下記の楽譜のようなリズムは頻繁に使われます。例えば、スズキ教本2巻の「妖精の踊り」だったり、カイザー23番だったり、シベリウスのヴァイオリンコンチェルトの3楽章だったりが顕著な例です。
ご存じの方も多いかと思いますが、音符の右横に付く点は「付点」と呼ばれます。これは「元の音符の1/2の長さを付け加えて」という意味になり、付点が一つの場合は「付点無しの音符の1.5倍の長さで」という意味になります※。
4分音符に付点が付くと4分音符が1.5倍の長さになる「付点4分音符」になります。
4分音符は8分音符の×2。
付点が付き「付点4分音符」になると、8分音符×2×1.5=8分音符×3
となります。
すなわち、8分音符の3倍が付点4分音符になります。従って、音の長さの比率は「付点4分音符」:「8分音符」=3:1となります。
同様に、8分音符に付点が付くと8分音符が1.5倍の長さになる「付点8分音符」になります。
長さの比率は「付点8分音符」:「16分音符」=3:1となります。
数が多く出てきて、ややこしくなるかもしれませんが、音の長さが3:1の比率になることだけお分かり頂ければと思います。時計で言うと前の音が0分から始まり、45分の位置から次の音が始まることになります。
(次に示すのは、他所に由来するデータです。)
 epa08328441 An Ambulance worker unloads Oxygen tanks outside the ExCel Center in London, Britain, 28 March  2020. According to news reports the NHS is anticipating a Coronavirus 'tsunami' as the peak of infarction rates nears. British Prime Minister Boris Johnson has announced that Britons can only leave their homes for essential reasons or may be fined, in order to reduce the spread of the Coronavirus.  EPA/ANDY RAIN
長さが3:1の比率になるこのリズムですが、テンポが速くなると2:1になってしまうケースが多々あります。先生や指揮者に指摘された経験がある方も多いことでしょう。
解決のためには、もちろん「1・2・3・1」と数える方法もありますが、時計で言う30分のタイミングで音を強く意識する方法がよく採られる方法です。「ターアタ」などと強めに「ア」を入れると、45分のタイミングで次の音を発音しやすくなります。あるいは、3:1のうち「1」の方の音符を、「3」とセットに考えるのではなく、次の音の前打音と考える方法も特にテンポが速い時は有効です。
また、ヴァイオリンの技術に即した場合、弓の長さの配分が3:1になるようにと意識する方法があります。この配分が不適切で、3:1のうち「1」の方の音符を長い弓で弾きすぎてタイミングが合わなくなってしまうケースがあります。短い音は短い弓で弾こうとすると比較的タイミングを合わせることができます。
※更に付点が二つ付いた複付点は元の音符に加え1/2の長さと1/4の長さを付け加え、×1.75となります。すなわち「複付点4分音符と16分音符」の組の場合は、7:1の長さになります。
※付点はバロック音楽などでは必ずしも3:1の比率とは限りませんが、ここでは便宜上一般的なルールで説明をしています。